TASK STATEMENT —
Please show all lines of the records that include "مكفوله".

EXTRACTED INFORMATION —
*** Block opens ***
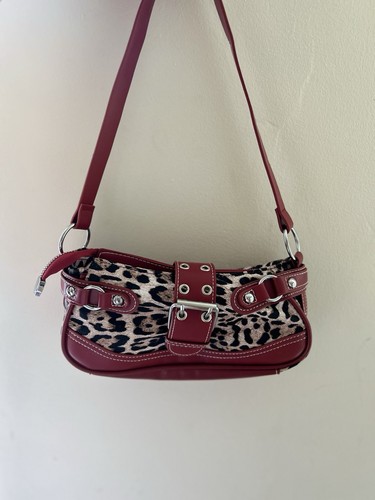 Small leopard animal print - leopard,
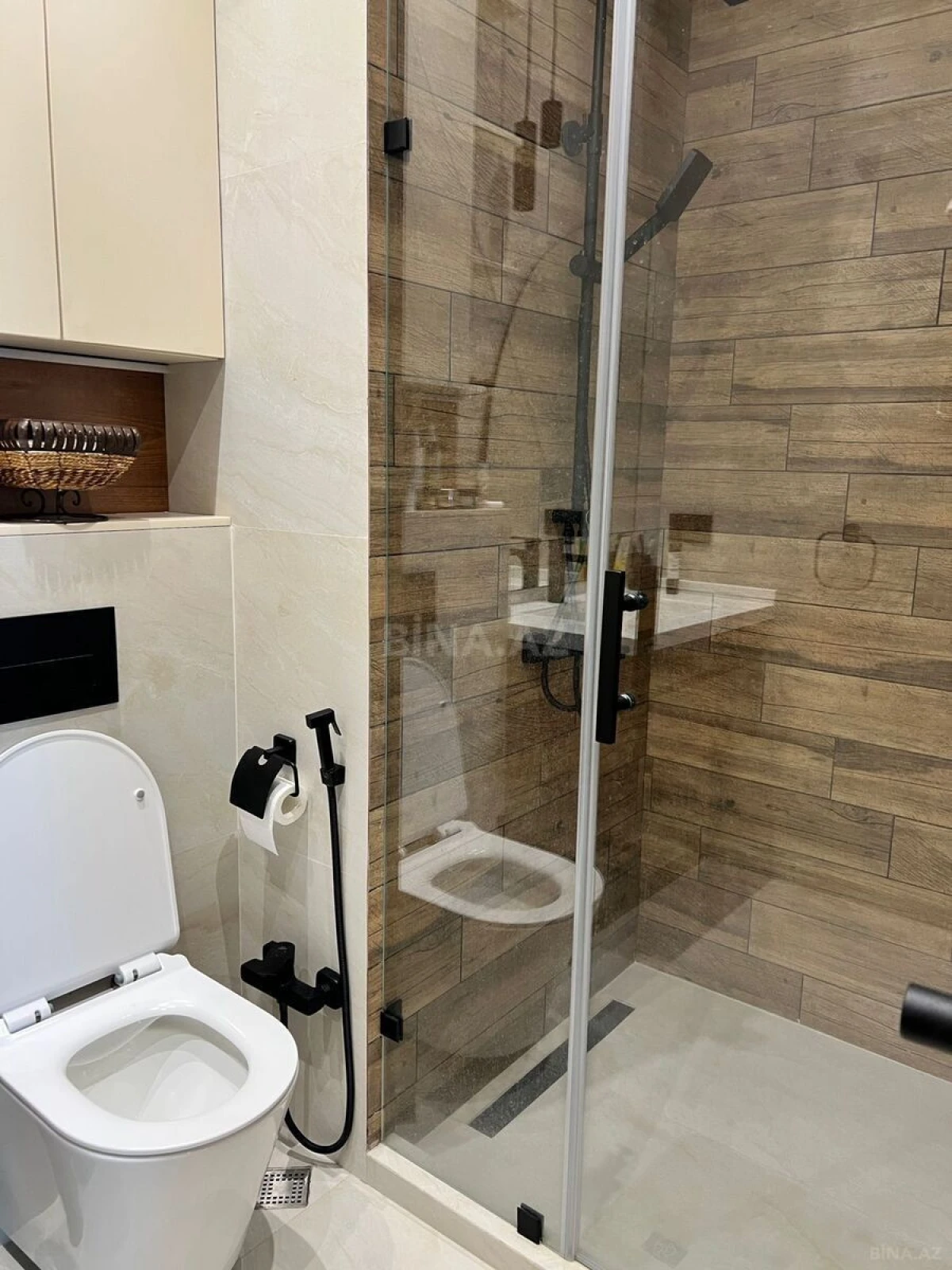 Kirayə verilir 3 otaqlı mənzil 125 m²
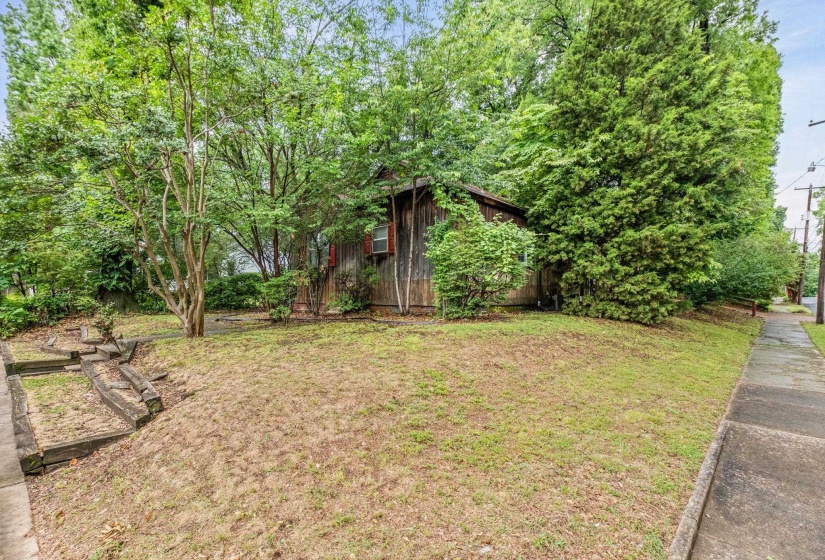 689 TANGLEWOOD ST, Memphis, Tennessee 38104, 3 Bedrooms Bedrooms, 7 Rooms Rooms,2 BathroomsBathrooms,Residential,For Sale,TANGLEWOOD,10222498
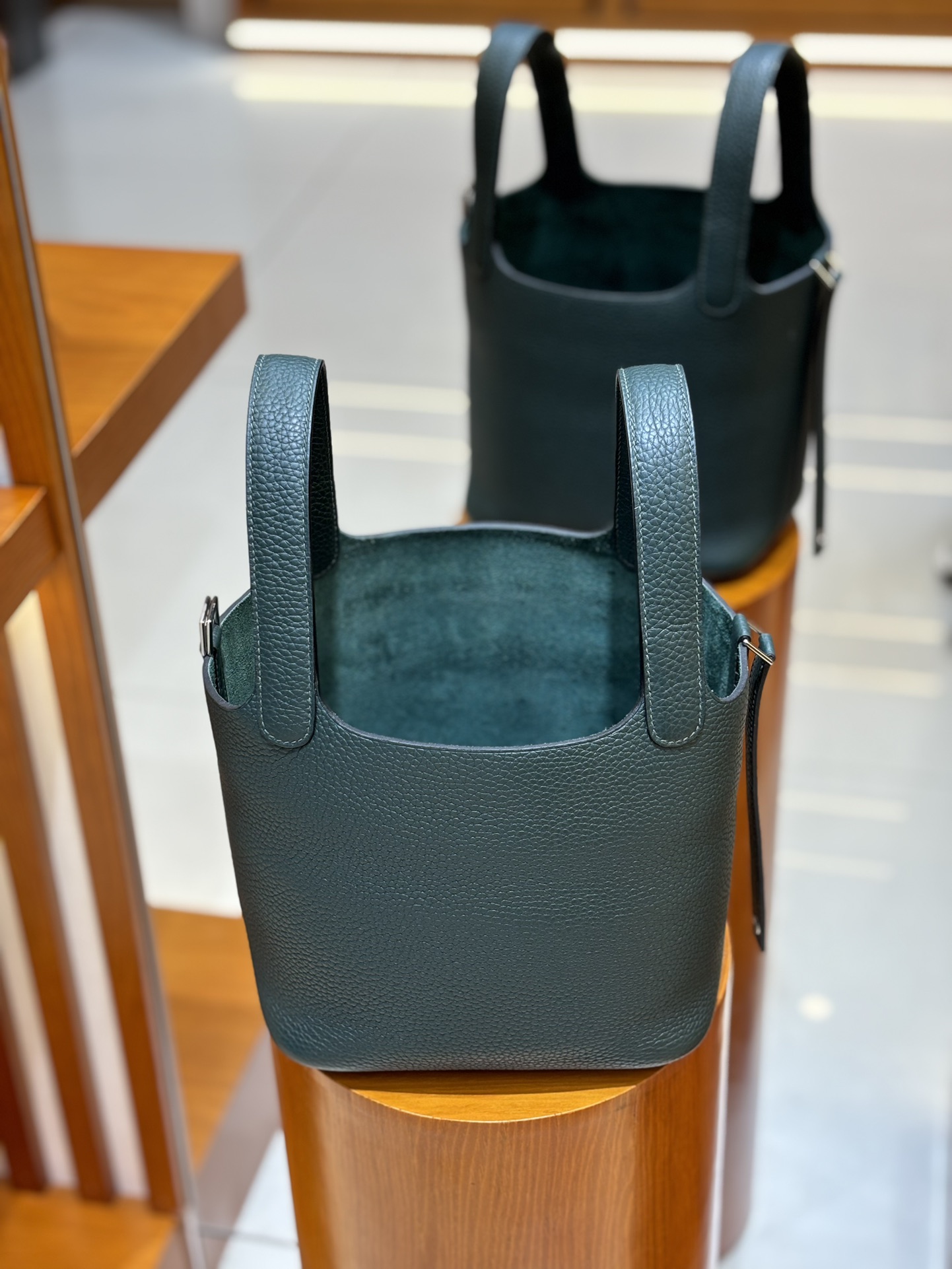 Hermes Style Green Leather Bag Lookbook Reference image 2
*** Block closes ***
*** Block opens ***
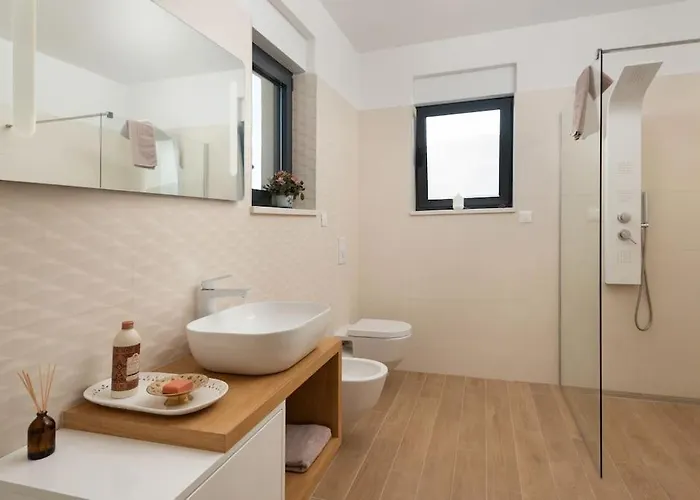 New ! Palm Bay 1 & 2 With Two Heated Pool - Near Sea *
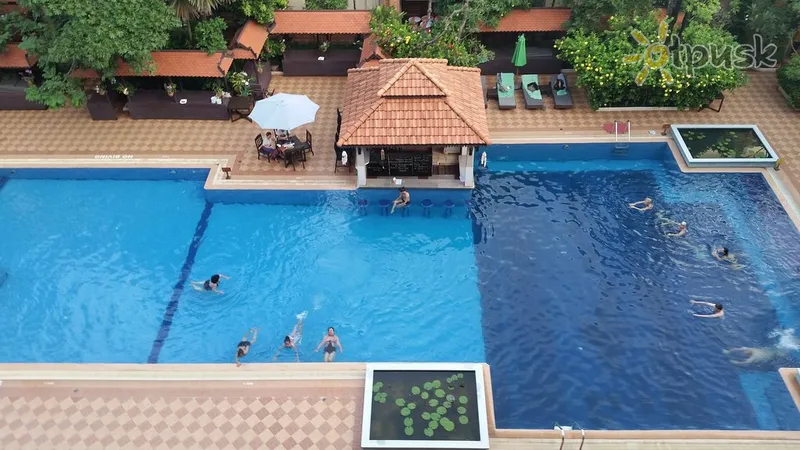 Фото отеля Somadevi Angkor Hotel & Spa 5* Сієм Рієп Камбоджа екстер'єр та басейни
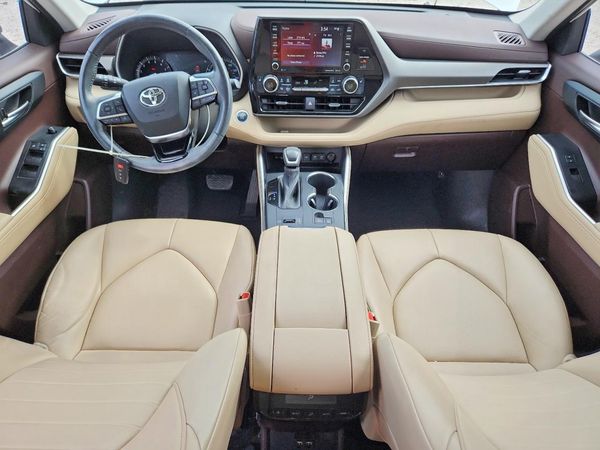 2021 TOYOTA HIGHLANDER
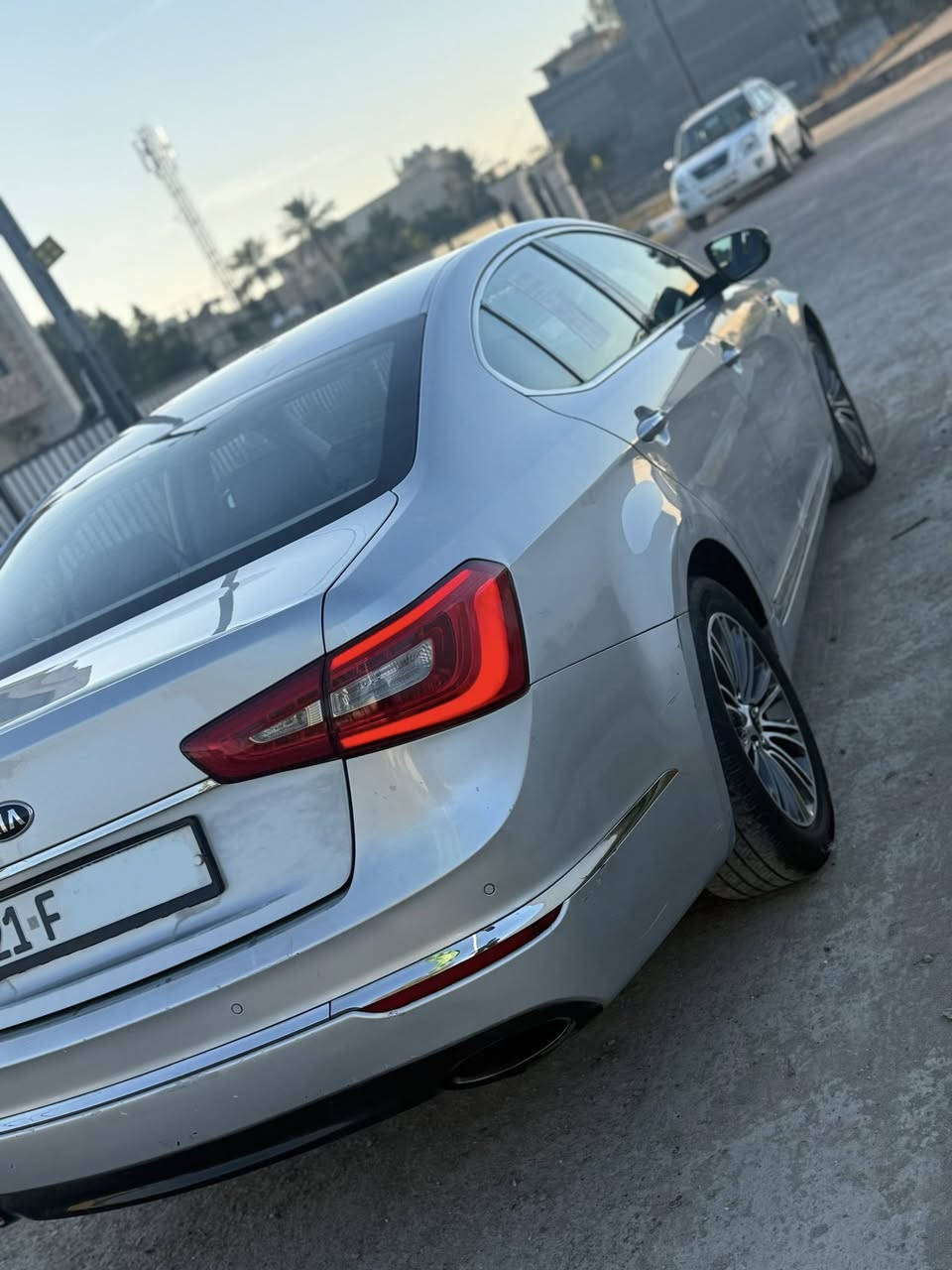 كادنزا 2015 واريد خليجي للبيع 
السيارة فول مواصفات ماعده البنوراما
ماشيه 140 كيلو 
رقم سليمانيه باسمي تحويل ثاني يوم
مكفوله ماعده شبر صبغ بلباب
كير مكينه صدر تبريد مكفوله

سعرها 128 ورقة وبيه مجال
*** Block closes ***
EXPECTED OUTPUT —
مكفوله ماعده شبر صبغ بلباب
كير مكينه صدر تبريد مكفوله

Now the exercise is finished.